[Stored data entries]
============================================================
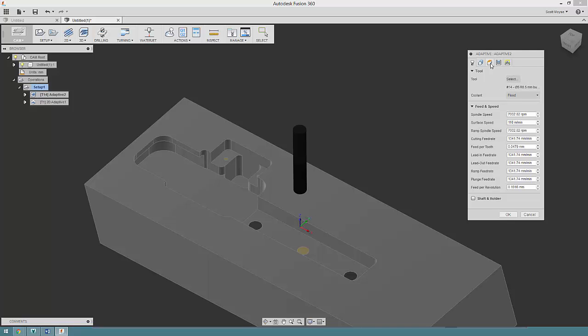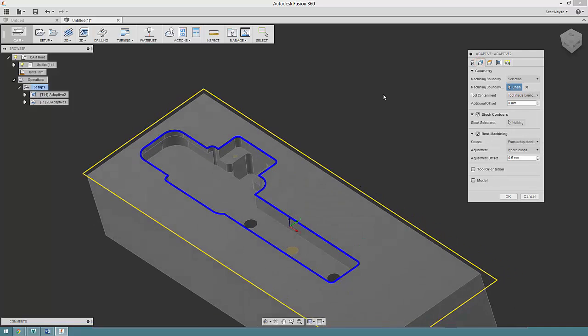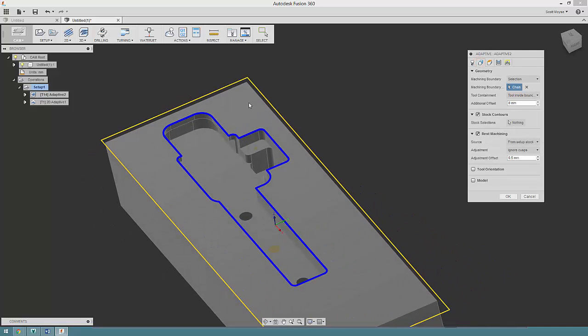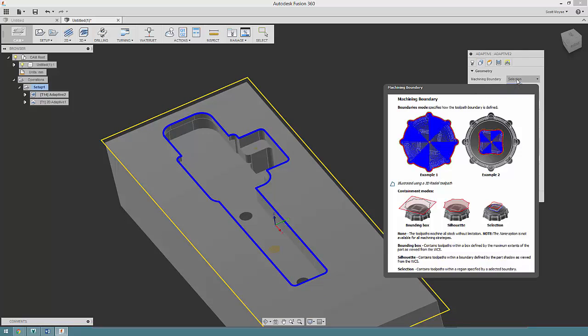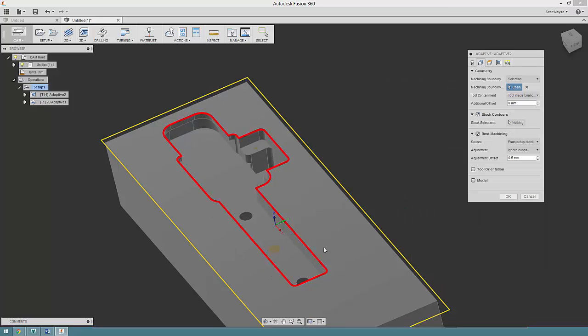All I've done is chosen my tool, then on the geometry tab I've left the default stock contour, but I've switched over to selection. Then I've chosen the machining boundary to be here and inside, so I only want the toolpath to generate inside this pocket.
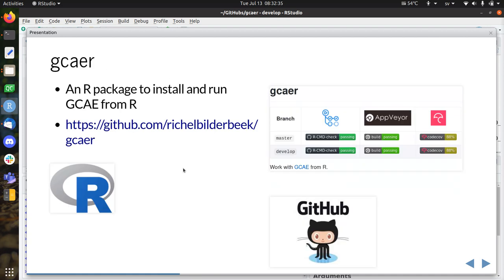What I'm doing is writing an R package to call GCAE from R. It's called GCAER. It's on GitHub, it is well tested, and it works. It installs GCAE, runs it, can plot the output, and similar things. I'll show a quick demo in this presentation.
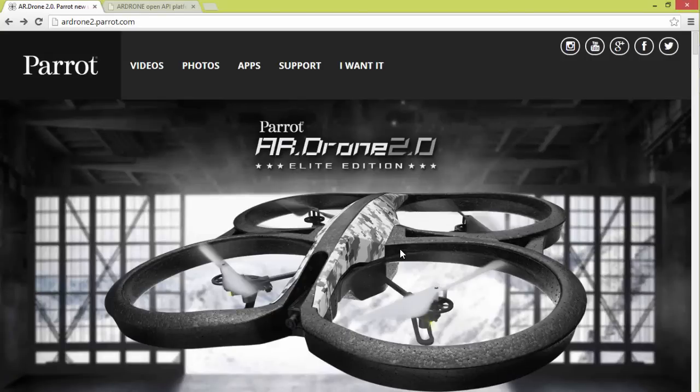So this is the Parrot AR Drone 2.0. This is actually the Elite Edition. There's a couple different editions. Not exactly sure what the differences are.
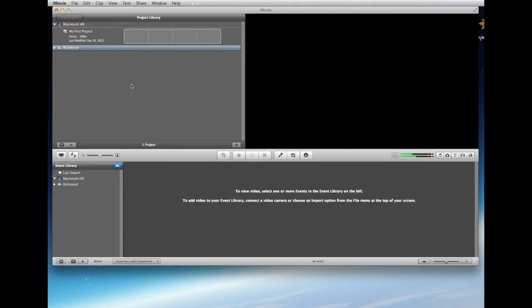There are three things I want you to do now. People with their own computer only need to do this once, but people using lab computers will have to do this each and every time they open iMovie. Also note that iMovie dynamically saves — you do not have to save, nor can you even choose to do so.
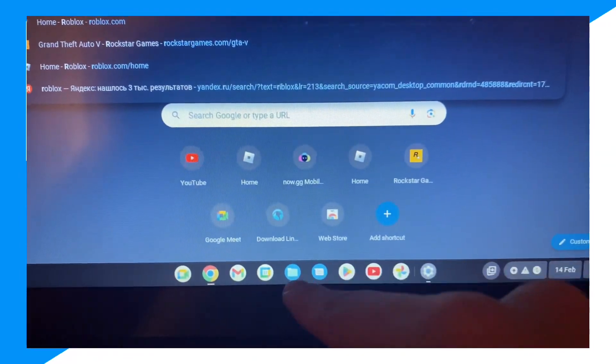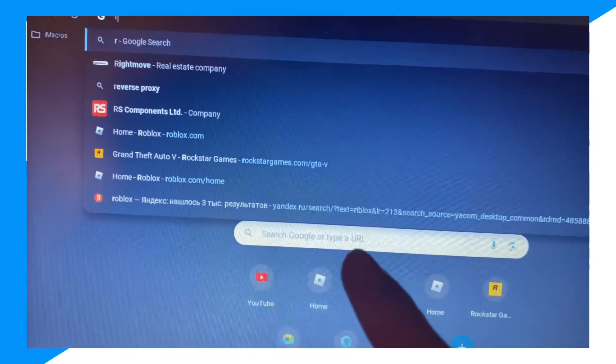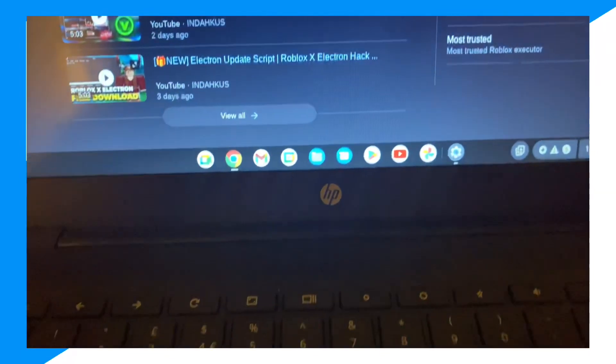First, you're going to go to your Chrome browser and then type up the Roblox executor that you want. I'm just going to type up 'Roblox executor' and get any one of these, so I'm going to click on the top one.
============================================================
This calls for an exact copy of all the entries above, with the pictures omitted.

(REPLY TO THE TASK):
All I've done is chosen my tool, then on the geometry tab I've left the default stock contour, but I've switched over to selection. Then I've chosen the machining boundary to be here and inside, so I only want the toolpath to generate inside this pocket.
What I'm doing is writing an R package to call GCAE from R. It's called GCAER. It's on GitHub, it is well tested, and it works. It installs GCAE, runs it, can plot the output, and similar things. I'll show a quick demo in this presentation.
So this is the Parrot AR Drone 2.0. This is actually the Elite Edition. There's a couple different editions. Not exactly sure what the differences are.
There are three things I want you to do now. People with their own computer only need to do this once, but people using lab computers will have to do this each and every time they open iMovie. Also note that iMovie dynamically saves — you do not have to save, nor can you even choose to do so.
First, you're going to go to your Chrome browser and then type up the Roblox executor that you want. I'm just going to type up 'Roblox executor' and get any one of these, so I'm going to click on the top one.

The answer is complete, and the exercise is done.